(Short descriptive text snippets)

----

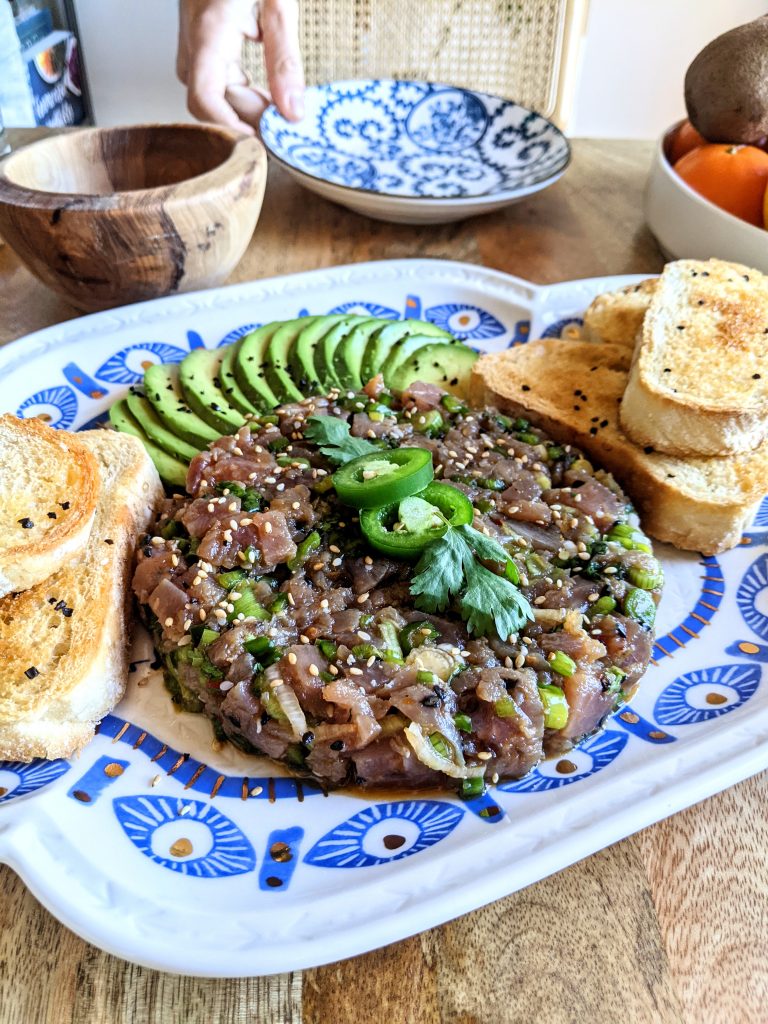 A platter of Tuna Tartare, ripe avocado slices, and fermented garlic chili toasts.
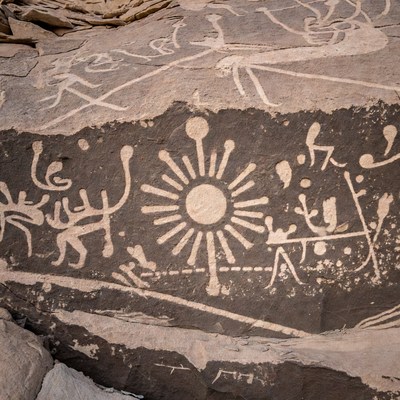 Ancient Rock Art with Sun and Figures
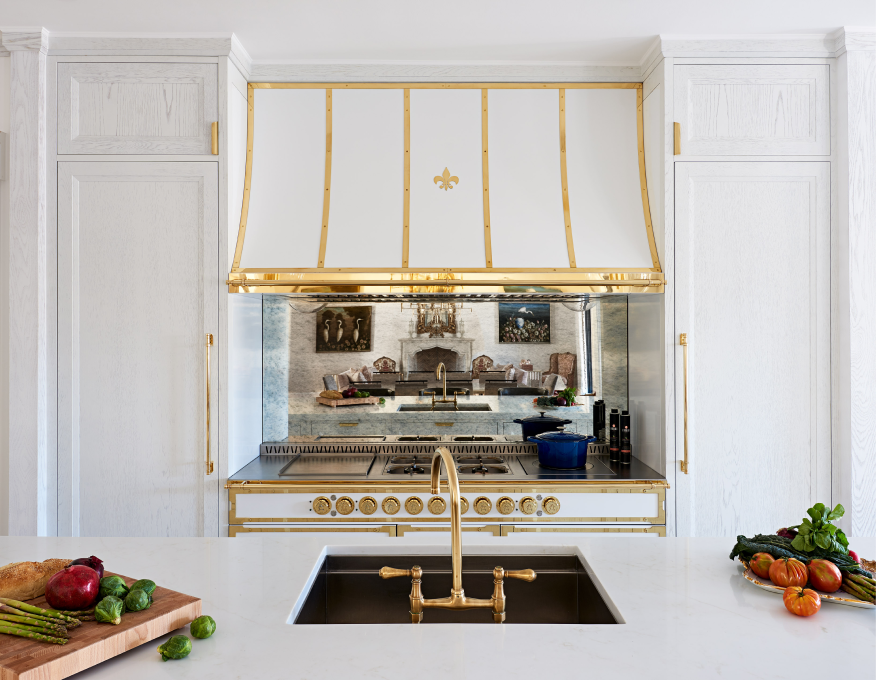White and gold luxury kitchen, symmetrical range hood, mirrored backsplash, gold faucet, white kitchen island.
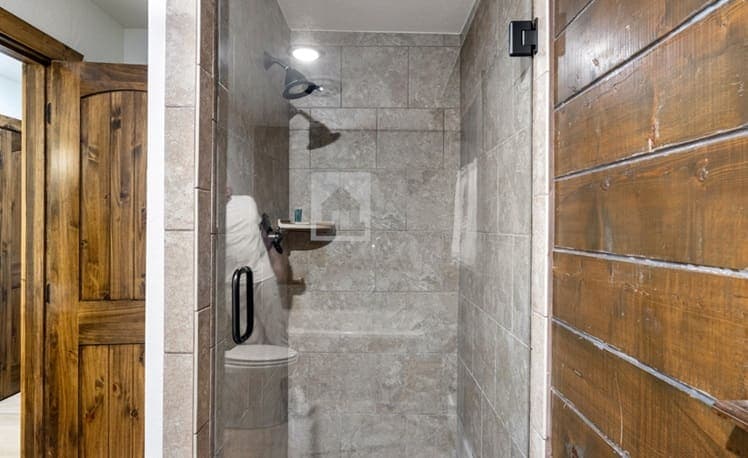 Tiled glass shower in the primary bathroom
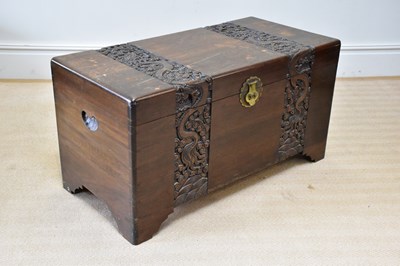 Lot 198 - A Chinese carved camphor wood blanket box,...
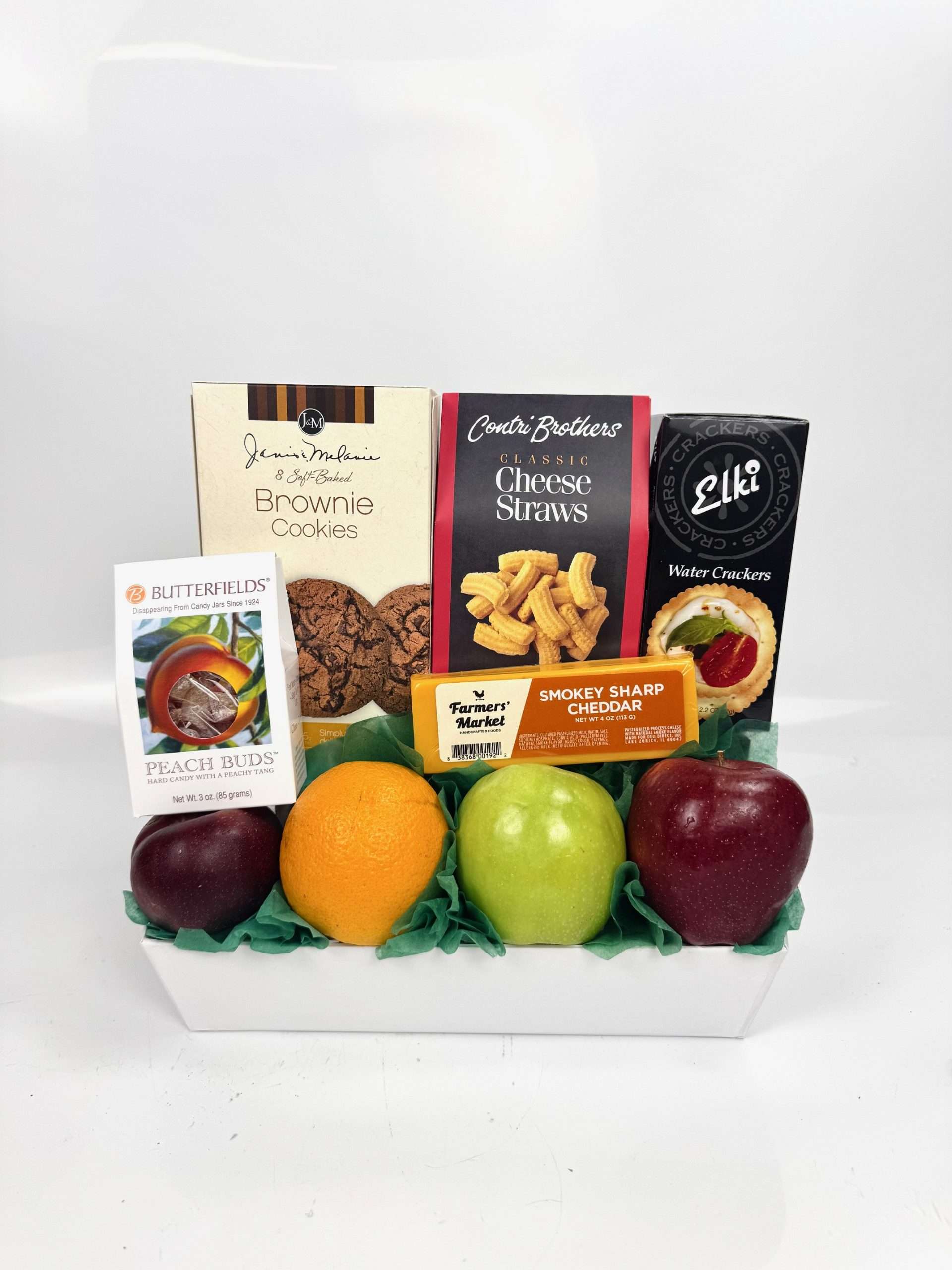 Contriโs Most Popular Gift Basket Fruit and snack basket with cheese, crackers, and brownies.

----

--- WORK ORDER ---
Every record must be returned exactly. Leave its pictures out.

--- YOUR RESPONSE ---
 A platter of Tuna Tartare, ripe avocado slices, and fermented garlic chili toasts.
 Ancient Rock Art with Sun and Figures
White and gold luxury kitchen, symmetrical range hood, mirrored backsplash, gold faucet, white kitchen island.
 Tiled glass shower in the primary bathroom
 Lot 198 - A Chinese carved camphor wood blanket box,...
 Contriโs Most Popular Gift Basket Fruit and snack basket with cheese, crackers, and brownies.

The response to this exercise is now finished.